En el contexto de las historias inquisitoriales, escuchar estos relatos sobre una mujer que vive en el tiempo actual me hizo sentir como si la historia hubiese vuelto a la vida. A diferencia de las protagonistas de los expedientes coloniales, yo podía seguir a Esperanza a su casa, hablar con ella, encararla a ella. No era una mujer cuya existencia se tiene que conjuntar con fragmentos de registros en tribunales. Excitada, la antropóloga que llevaba escondida dentro de la piel de historiadora dio un paso al frente con firmeza a miro a los ojos de Esperanza, la mujer viva, haciendo frente al desafio de su presencia, aquí... ahora...
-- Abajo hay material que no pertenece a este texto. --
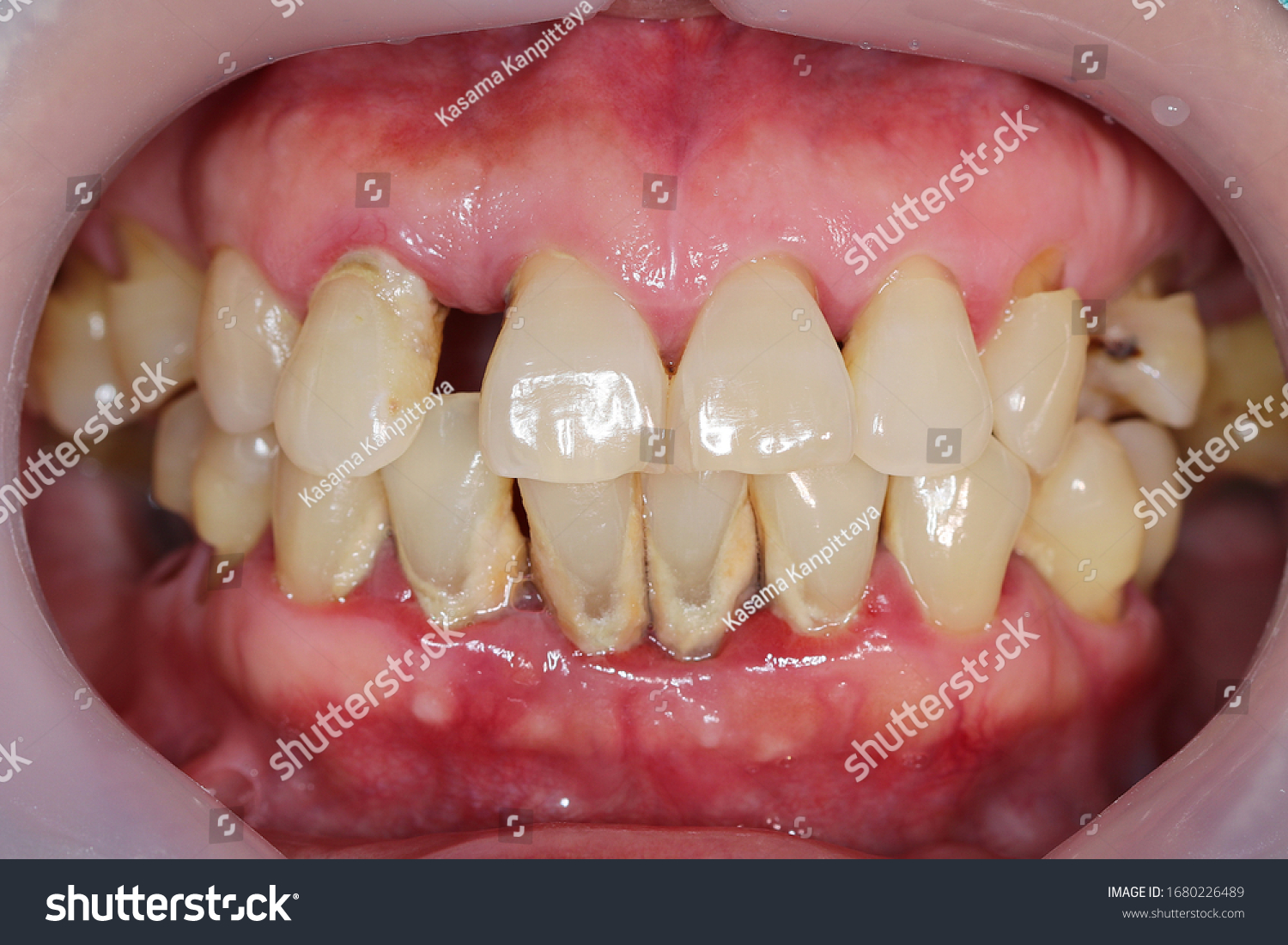 Periodontitis is often known as 'Gum Disease' and is a very common condition in which the gums and deeper periodontal structures become inflamed. #1680226489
Así es como diría la historia en la que yo misma juego el papel de antropóloga-heroína. Pero no, eso no fue lo que paso. Yo continué la travesía cómoda y segura que me brindaban los archivos por un buen tiempo. Un creciente malestar surgido de los estrechos vínculos que hay entre el investigador de campo y el inquisidor en tanto extractores de confesiones fue en parte lo que me detuvo.

En mi caso, tal malestar se agravaba al percatarme de las tremendas diferencias de raza y clase social existentes en el Mexico rural, y tambíen por la manera en que la gente me encasillaba en el papel de "gringa rica" que venía de los Estados Unidos. Además, los rumores sobre Esperanza no sólo me habían fascinado, sino tambíen me habían afectado al punto de intimidarme y hacerme sentir incapaz de buscar un acercamiento.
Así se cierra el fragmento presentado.